Yesterday, Netflix sent out an email to its millions of customers disclosing that it has decided to raise its prices, effective immediately for new customers and effective in September for existing customers. The announcement, also posted to Netflix’s blog and its Facebook page around the same time, has since drawn tens of thousands of comments, many from angry and/or dissatisfied customers.
What seems to have many people upset is that Netflix chose to disguise its price increase as a change in plans, rather than explaining why it needs to simply raise prices in the first place. In fact, the email was titled, “Price Change and New Plans.” In reality, Netflix isn’t offering anything new — unless by new it means less.
(To be fair, Netflix’s blog post did provide some background that explained the company’s decision. But the email didn’t. And it should have. )
Quoting from Netflix’s email:
We are separating unlimited DVDs by mail and unlimited streaming into two separate plans to better reflect the costs of each. Now our members have a choice: a streaming only plan, a DVD only plan, or both.

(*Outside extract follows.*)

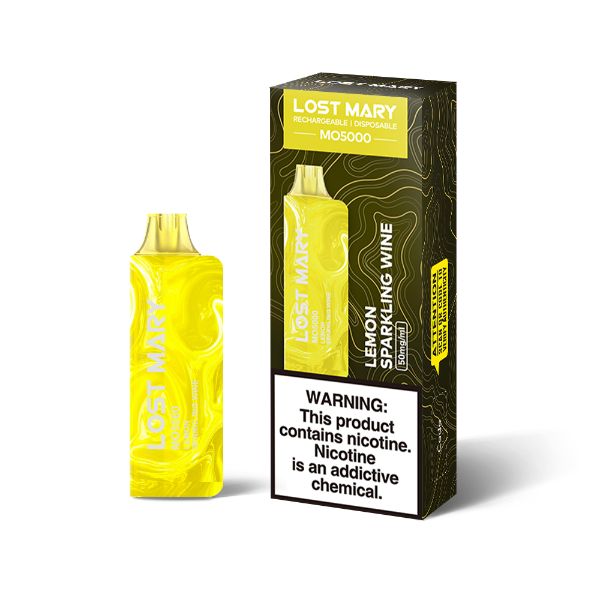 Lost Mary MO5000 5% Disposable Vape 13.5mL $4.99 eLiquid.com Lost Mary MO5000 5% Disposable Vape 13.5mL $4.99 eLiquid.com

Your current $9.99 a month membership for unlimited streaming and unlimited DVDs will be split into 2 distinct plans:
Plan 1: Unlimited Streaming (no DVDs) for $7.99 a month
Plan 2: Unlimited DVDs, 1 out at-a-time (no streaming) for $7.99 a month
Your price for getting both of these plans will be $15.98 a month ($7.99 + $7.99). You don’t need to do anything to continue your memberships for both unlimited streaming and unlimited DVDs.
In other words, people who want to continue enjoying the same service from Netflix they’re getting now will have to pay sixty percent more per month, or $71.88 more per year. What’s more, Netflix customers are going to be automatically subjected to this price increase. To avoid paying the extra $72 per year beginning in September, they have to opt-out by changing their plan.
The new plans will actually result in a slight savings for people who only want to stream movies, or who only want to rent DVDs.
But for folks who want the best of both worlds, this announcement really sucks. They can’t enjoy the service they enjoy now without paying more. And that’s why Netflix is getting an earful.
One customer summed up my thoughts on the change this way:
Why are you being weasely about the price increase? It takes effect Sept. 1, but I don’t want to take part, so I have to go in and change my service, but that takes effect immediately. So, if I don’t want you to raise my prices in September, I have to turn the streaming off now or remember to log in on August 31. There’s no way to make the change effective with the next billing period. Bad play, Netflix.
Other customers are threatening to defect altogether:
Given the rather large price increase you suffer with the 1 DVD + Streaming plan, I’ll probably just end up switching to Amazon Prime’s instant streaming. A real shame, too, since I’ve always enjoyed Netflix, their selection, and their customer service.
Netflix is leaving many of its loyal customers with the impression that it just doesn’t care about them. The company should act fast to atone for this mistake before it loses any more goodwill… and business.